There is a lot of anger on the streets in Turkey over the slaughter and destruction in Aleppo, much of it directed at Russia. All week prior to the assassination big demonstrations had been going on outside the Russian embassy in Ankara. Until recently the government encouraged this anger, but then it opted for a rapprochement with Russia to end the Syrian war, without bothering much to convince its political base that the hated enemy was now a friend.
It's hard even for well-informed people to make sense of this welter of conflicting interests, all but impossible if you are inexperienced and young. You probably come out of police training with a rigid sense of right and wrong, only to confront a political morass that leaves you bewildered. I can imagine the powerful pull of religious fundamentalism in such circumstances, especially since the government itself has blurred the line between jihadism and Turkish nationalism. I can also imagine the appeal of a spectacular act of defiance, a blow against a hated enemy, a blow also against all the murkiness and confusion.

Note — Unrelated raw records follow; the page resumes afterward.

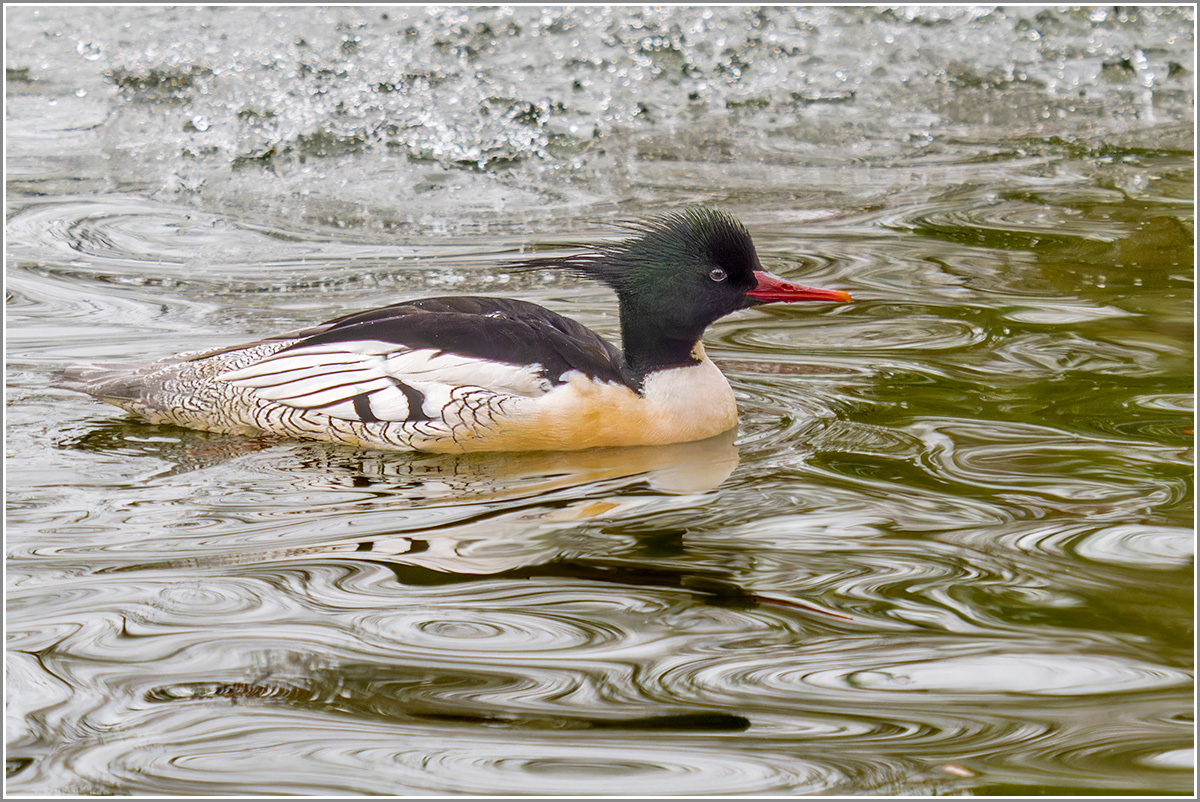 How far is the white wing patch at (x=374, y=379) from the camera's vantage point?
5.28m

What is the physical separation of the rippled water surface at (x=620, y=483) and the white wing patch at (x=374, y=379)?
8.8 inches

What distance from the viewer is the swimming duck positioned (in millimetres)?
5270

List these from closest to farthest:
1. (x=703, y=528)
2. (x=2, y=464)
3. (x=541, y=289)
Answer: (x=703, y=528), (x=2, y=464), (x=541, y=289)

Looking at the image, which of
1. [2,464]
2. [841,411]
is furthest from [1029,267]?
[2,464]

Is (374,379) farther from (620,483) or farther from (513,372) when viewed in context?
(620,483)

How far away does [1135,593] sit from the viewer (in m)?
3.98

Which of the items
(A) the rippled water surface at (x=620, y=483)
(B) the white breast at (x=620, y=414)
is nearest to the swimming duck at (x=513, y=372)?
(B) the white breast at (x=620, y=414)

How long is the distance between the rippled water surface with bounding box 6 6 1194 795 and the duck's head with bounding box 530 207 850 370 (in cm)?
53

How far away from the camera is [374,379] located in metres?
5.41

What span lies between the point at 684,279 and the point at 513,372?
810mm

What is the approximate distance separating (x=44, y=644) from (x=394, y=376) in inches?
76.7

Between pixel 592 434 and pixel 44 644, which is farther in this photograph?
pixel 592 434

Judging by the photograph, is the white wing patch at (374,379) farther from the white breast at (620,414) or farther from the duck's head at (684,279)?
the duck's head at (684,279)

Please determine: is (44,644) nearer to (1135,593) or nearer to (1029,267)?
(1135,593) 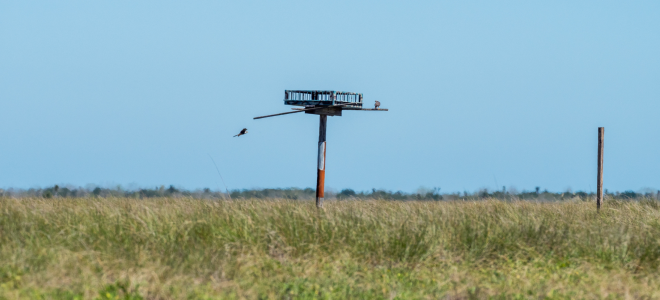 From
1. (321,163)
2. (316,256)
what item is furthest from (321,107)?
(316,256)

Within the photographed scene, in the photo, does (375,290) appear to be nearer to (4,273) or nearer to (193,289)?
(193,289)

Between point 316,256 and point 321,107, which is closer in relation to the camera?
point 316,256

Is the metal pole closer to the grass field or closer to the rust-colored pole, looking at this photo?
the grass field

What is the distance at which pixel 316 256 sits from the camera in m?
8.60

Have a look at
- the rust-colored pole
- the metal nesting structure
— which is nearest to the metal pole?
the metal nesting structure

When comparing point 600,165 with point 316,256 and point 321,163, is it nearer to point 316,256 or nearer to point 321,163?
point 321,163

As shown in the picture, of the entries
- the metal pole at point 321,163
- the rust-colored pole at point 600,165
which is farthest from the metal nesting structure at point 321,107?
the rust-colored pole at point 600,165

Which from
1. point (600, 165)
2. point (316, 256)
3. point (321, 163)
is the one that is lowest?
point (316, 256)

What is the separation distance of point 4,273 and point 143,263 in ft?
5.61

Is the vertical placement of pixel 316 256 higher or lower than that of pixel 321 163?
lower

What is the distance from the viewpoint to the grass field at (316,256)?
725 centimetres

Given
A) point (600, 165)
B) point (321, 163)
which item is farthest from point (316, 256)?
point (600, 165)

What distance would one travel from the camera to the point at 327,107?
515 inches

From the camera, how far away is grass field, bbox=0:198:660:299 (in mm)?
7246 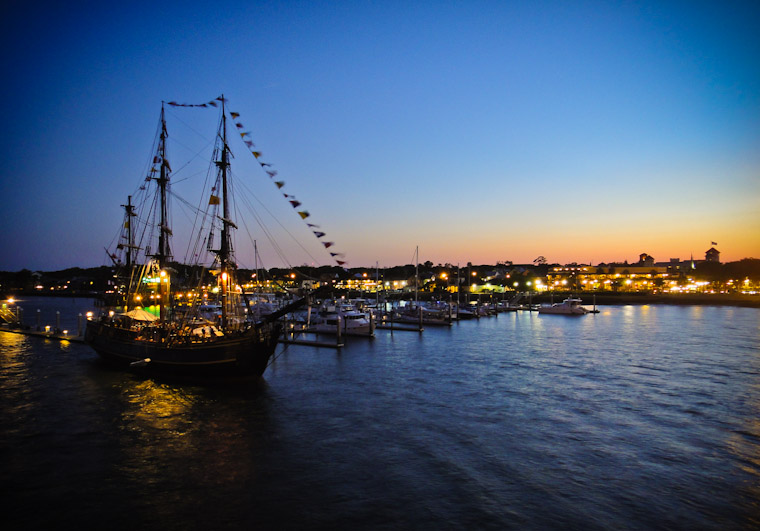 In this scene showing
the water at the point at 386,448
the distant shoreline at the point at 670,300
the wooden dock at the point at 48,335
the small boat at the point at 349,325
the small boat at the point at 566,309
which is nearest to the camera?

But that isn't how it turns out. The blow only creates more carnage and more mess. This is a bad time to be young and angry: so much anger is misdirected, so many lives are squandered. Including the two in this photograph.
There is one more detail worth mentioning: the photographs on the wall. These were pictures taken by tourists of favorite tourist spots across Russia. It's no surprise the Russian embassy was sponsoring the show since it was just a tourist promotion posing as an art exhibition. Again the contrast is striking – between the kitsch on the wall and the murderous violence being played out in front of it. Stranger still, the picture right behind the assassin is of an old cannon and three cannonballs. It's as if the kitsch was shooting back.